Their love and loyalty to each other is tested when "the twins" join a plan to hold up an armored truck together with a group of seasoned gangsters: their swaggering cohort Cuervo (Pablo Echarri), a sedative addict who's been carrying on an affair with the luscious Vivi (Dolores Fonzi); a 16-year-old nymphet; the trio's boss Fontana (Ricardo Bartis); and the elderly lawyer Nando (Carlos Roffé), who is past the days of any professional illusions and helps make connections to find a good team for the crime.
Meanwhile, the gang needs to wait for new passports (to be arranged by a dubious character played by Héctor Alterio) for their escape from Uruguay.
Fontana goes off on his own, but Nene brings Angel and Cuervo to hide out in Giselle's apartment before they leave the city at night.
Giselle tells Nene that she has a cousin who lives near the border and she can arrange passage, but not for three men the police are after.
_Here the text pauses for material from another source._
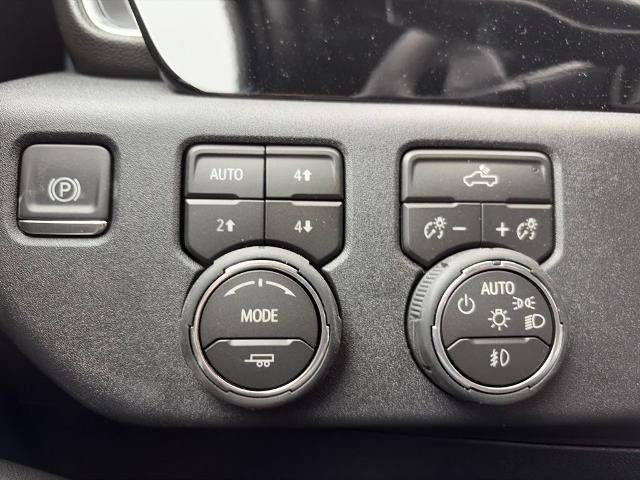 2026 Chevrolet Silverado 1500 Crew Cab Short Box 4-Wheel Drive RST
At first, the trio believes they will be able to escape, thinking that the police will not endanger the haul (several million dollars) or the lives of a large number of policemen.
In high spirits, the three of them set to defend the apartment and their freedom, while Nene and Angel rekindle their relationship and spend some short and erotic moments of mutual happiness.
Cuervo dies in an attempt to sally, and Nene and Angel remain waiting for the next wave of police attacks on the apartment.
Seeing that they can save neither their own lives nor the money, they burn the entire haul in a final outburst of joie de vivre.
When the screen fades to black, the audience is left with the sound of the final fusillade of police machine gunfire, implying that Angel has committed suicide by cop.
The film is based on the true story of a hold-up in Buenos Aires in 1965 and the subsequent flight of the criminals to nearby Montevideo.
El Nene, whose real name was Brignone, was actually the educated son of a judge; in an interview he said that he never knew what would happen with the money.